Sonia has been a foster carer for 11 years. She and her husband Graham joined the North Lincolnshire fostering community when they relocated to the area. They have helped to care for 38 children in total. Wanting to help as many children as possible, they felt that short term fostering was the best fit for them.
“We have had children with us for a varying length of time, from two nights to 16 months. We now provide regular short breaks to the same children. This allows us to not only provide support to other foster carers, but we also get to know the children well too and become trusted people in their lives. We feel we are like the children’s extended family, similar to being an aunt and uncle who they go to stay within the school holidays.
Fostering has been so rewarding for us. Seeing them learn new skills and develop; simple things such as being able to use a knife and fork. Seeing them flourish in many different ways including having the confidence to join clubs or take part in events at school. We cared for one girl who we introduced to horse riding. She loved it and even went onto volunteering at the riding the school and helping other children. Seeing someone learn new skills and knowing we have been a part of that is so rewarding. It made a difference to her confidence and attainment at school too as her self-belief just kept on growing. She knew we were in her corner and would support and love her no matter what. We supported another young person to believe in herself too, so much so that she went on to apply to be part of the school council. She gave a speech in assembly, and this was an amazing achievement for her.
Our first foster child is celebrating her 25th birthday soon and we are going to visit her to celebrate.
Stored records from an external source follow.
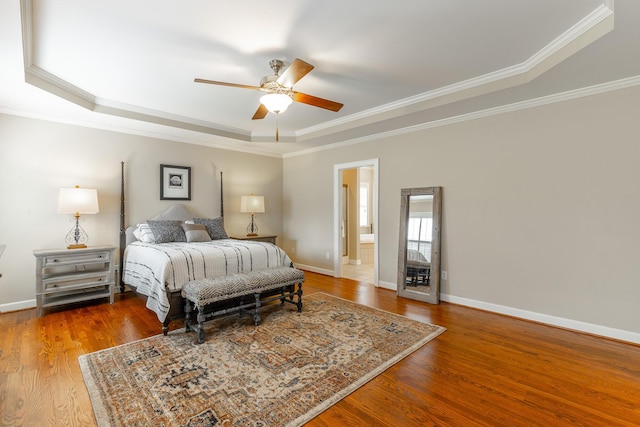 bedroom featuring a raised ceiling, baseboards, a ceiling fan, wood finished floors, and ornamental molding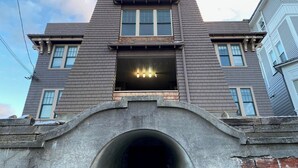 A two-story building with a central entrance and a small balcony.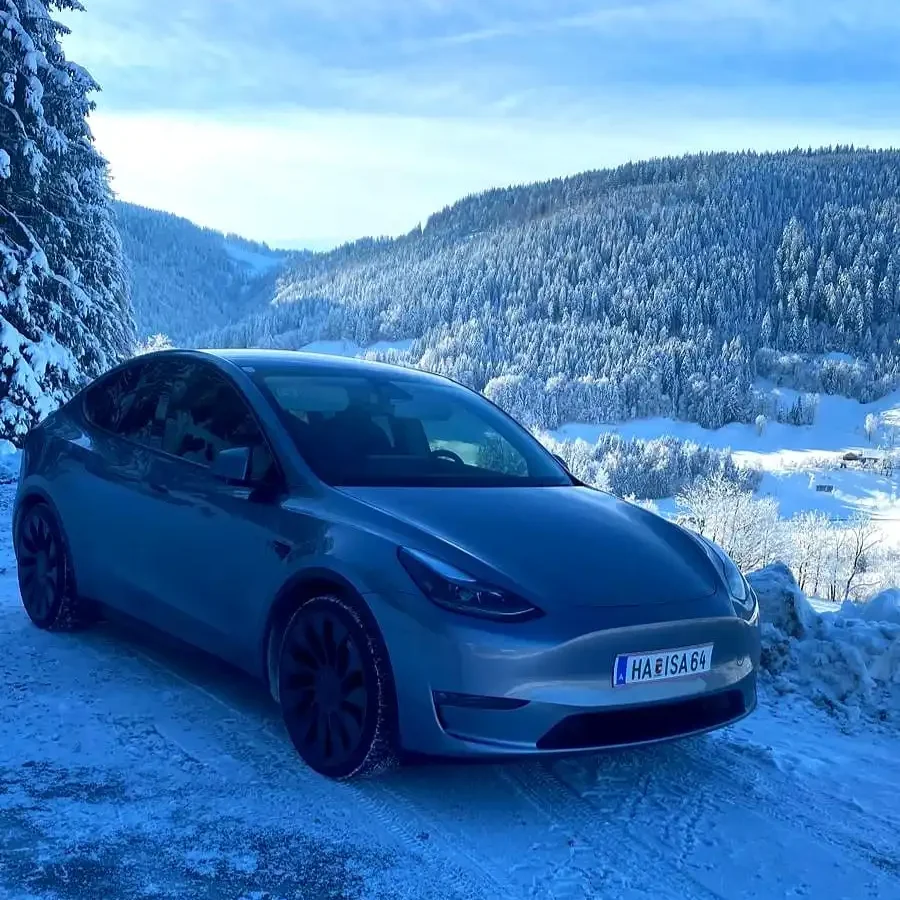 Tesla Taxi von Taxi Hallein auf verschneiter Bergstraße mit winterlicher Landschaft im Hintergrund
We look back and know we played a part in helping her to achieve the life she has now. We were just one piece of the puzzle and there was a whole team who helped her to achieve a happy life but being part of that is something to be proud of. Our children know they can always come to us for support if they need it. We are their extended family, no matter where they live or what they are doing, we want them to know we still care.
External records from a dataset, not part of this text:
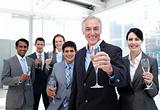 Happy diverse business group toasting with Champagne
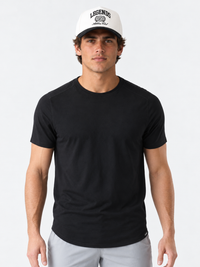 Black crew neck t-shirt with curved hem on male model wearing white cap.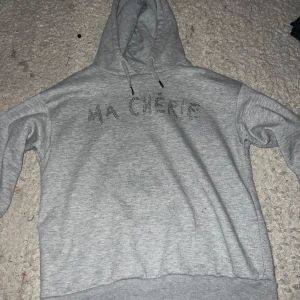 Grå hoodie med strass Ma Chérie - Grå hoodie med huva och snörning, dekorerad med texten 'MA CHÉRIE' i strass på bröstet. Storleken är 134/140. Mjuk och skön med normal passform och långa ärmar. Perfekt för dig som gillar en chill och snygg stil.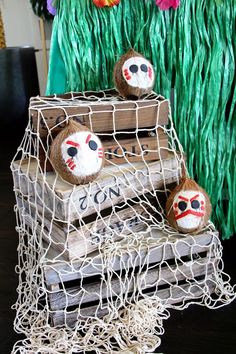 two monkey heads are sitting on top of a crate with string wrapped around it and some fake grass in the background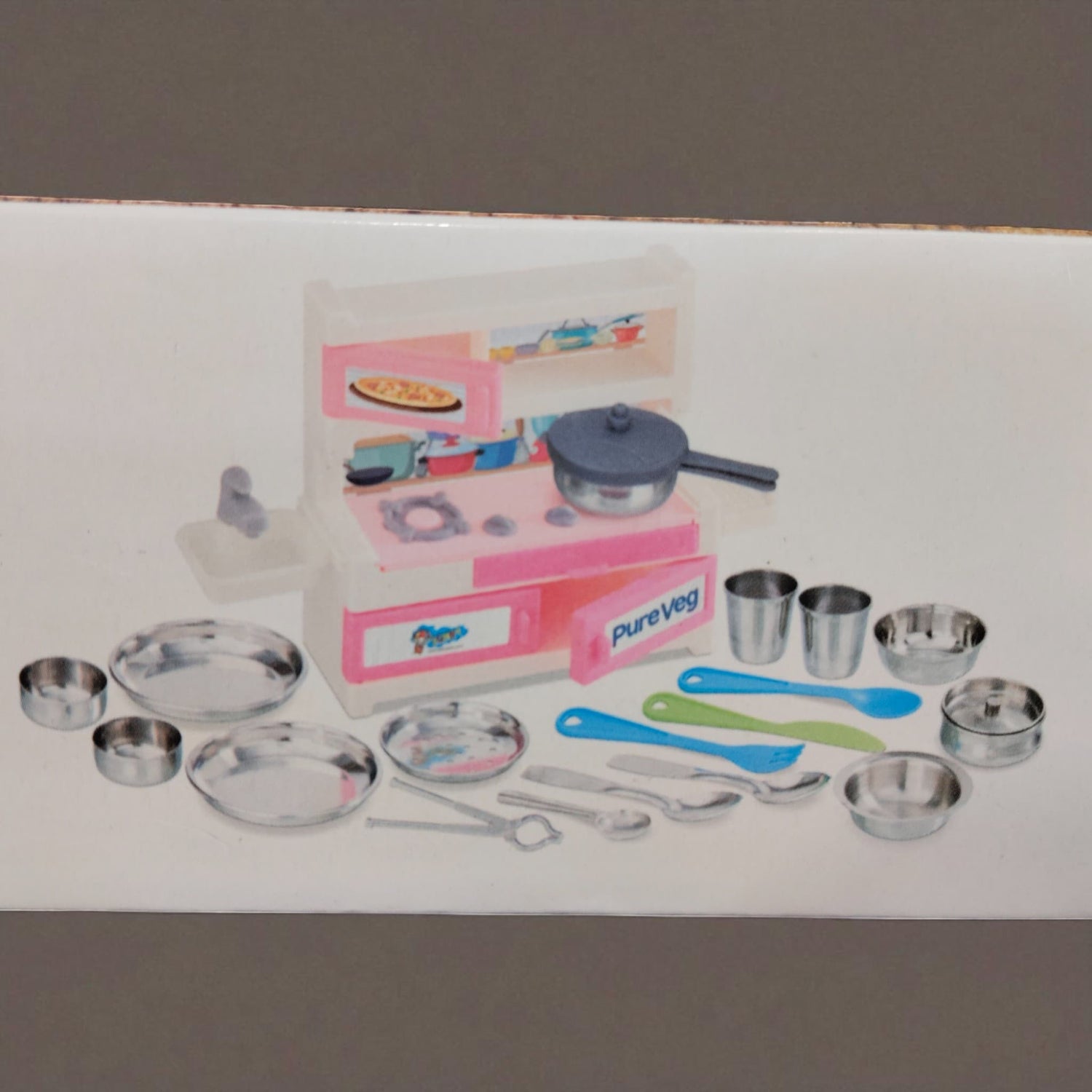 Complete accessories layout of Pure Veg Jumbo Kitchen Set including plates, spoons, and kitchen stove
If anyone is considering become a foster carer, I would tell them to do it. You need to welcome children with open arms and make no prejudgements as no child is the same. There are highs and lows when fostering, but the rewards outweigh the challenges. When applying to be a foster carer everyone is assessed on an individual basis, but I would say there are some key qualities people should possess. This includes being caring, empathetic and being prepared to share love and open your home. The support we have received from North Lincolnshire Council has been second to none and our fostering social worker is always on hand, through the ups and downs. You really do become part of a community when you foster.
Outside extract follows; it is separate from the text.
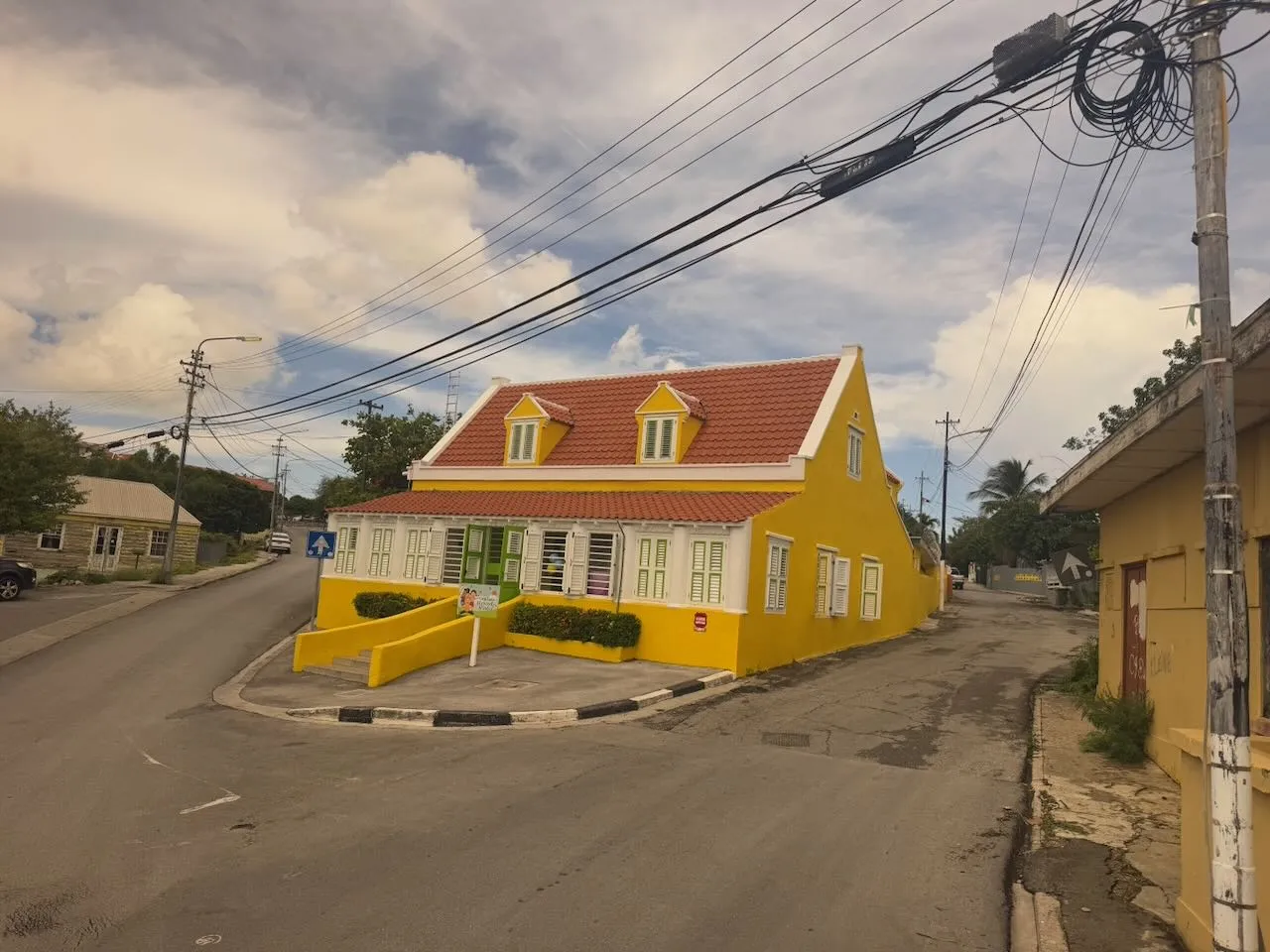 Yellow Dutch colonial house with orange tile roof on Curacao street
It was a physical and mental challenge for me to do this skydive, but it’s like fostering in that respect too. Sometimes you don’t know what to expect but when you do it, it could turn out to be the best thing you’ve done. With the skydive, each jumper is matched to the right instructor for the tandem jump and this is like fostering, as the children are matched with foster families on an individual basis based on experience or skills. Like skydiving, fostering can be scary, emotional and unknown, but you can stand back and think WOW, look at what we have achieved!”